Это стихотворение опубликовано в берлинской четвертой книге «Цеха поэтов», оказавшейся последним совместным «цеховым» изданием, затем появилось в однодневной парижской газете «День Русской Культуры» 8 июня 1927 года, но больше автором не перепечатывалось.

После смерти Гумилева Георгий Иванов пытается завершить акмеистически-«цеховую» программу, достаточно точно выраженную в этом стихотворении. Поэзия — достояние ясной мысли и конкретного, предметного ощущения, всяческие стихийные порывы к «несказанному» ей претят, как «унылые песни без смысла».
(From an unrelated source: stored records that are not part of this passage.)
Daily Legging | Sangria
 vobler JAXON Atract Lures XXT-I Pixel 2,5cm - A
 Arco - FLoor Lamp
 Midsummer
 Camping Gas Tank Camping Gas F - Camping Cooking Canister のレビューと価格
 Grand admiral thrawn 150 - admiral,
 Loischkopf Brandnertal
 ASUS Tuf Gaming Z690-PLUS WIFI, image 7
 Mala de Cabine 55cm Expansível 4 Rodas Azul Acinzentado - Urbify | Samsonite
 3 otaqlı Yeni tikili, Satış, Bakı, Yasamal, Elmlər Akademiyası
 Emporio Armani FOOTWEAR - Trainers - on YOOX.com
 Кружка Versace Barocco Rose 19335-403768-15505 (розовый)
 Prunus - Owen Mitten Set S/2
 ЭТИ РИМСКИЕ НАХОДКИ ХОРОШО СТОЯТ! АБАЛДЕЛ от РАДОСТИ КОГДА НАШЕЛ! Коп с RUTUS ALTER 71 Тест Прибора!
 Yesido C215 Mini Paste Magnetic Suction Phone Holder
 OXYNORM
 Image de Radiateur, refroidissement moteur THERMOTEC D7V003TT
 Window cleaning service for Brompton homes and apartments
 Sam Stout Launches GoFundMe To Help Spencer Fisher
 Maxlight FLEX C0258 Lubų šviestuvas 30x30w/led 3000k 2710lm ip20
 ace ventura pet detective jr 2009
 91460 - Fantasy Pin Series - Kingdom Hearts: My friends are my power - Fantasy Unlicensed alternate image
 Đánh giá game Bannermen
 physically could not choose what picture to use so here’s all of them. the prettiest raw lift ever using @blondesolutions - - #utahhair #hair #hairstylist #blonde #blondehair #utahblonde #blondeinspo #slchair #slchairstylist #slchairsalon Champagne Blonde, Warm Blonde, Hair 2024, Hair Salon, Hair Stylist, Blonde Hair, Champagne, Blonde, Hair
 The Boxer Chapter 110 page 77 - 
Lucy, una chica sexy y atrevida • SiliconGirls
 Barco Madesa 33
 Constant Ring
Сам образ поэта, властелина и повелителя стихий, взят Георгием Ивановым из стихотворения «Укротитель зверей», написанного основателем «Цеха» как раз в год его возникновения.

Несколько странного противопоставления поэта Орфею у Гумилева нет (странного, потому что укрощал-то зверей и — более широко — рожденные хаосом темные стихии Орфей — как раз без всякого хлыста). Ибо Орфей — укротитель более могущественный, чем человек-артист. Вдобавок у Гумилева поэт роковую опасность своего ремесла стороной не обходит: «Если мне смерть суждена на арене, / Смерть укротителя…»

Георгий Иванов, корректируя Гумилева и отступая от основного содержания мифа, все же придерживается одной из его версий, по которой Орфей, навсегда утратив Эвридику, оставшуюся в царстве мертвых, семь дней в одиночестве «вздыхал о тени» на берегах Ахеронта. Использование этого варианта полемично — уже не по отношению к символизму, но к себе самому, к своему уходящему поэтическому прошлому, а потому и по отношению к особенно близкому ему в этом прошлом Осипу Мандельштаму, поменявшему гумилевский «цирк» на «оперу» и эстетизировавшему «камень».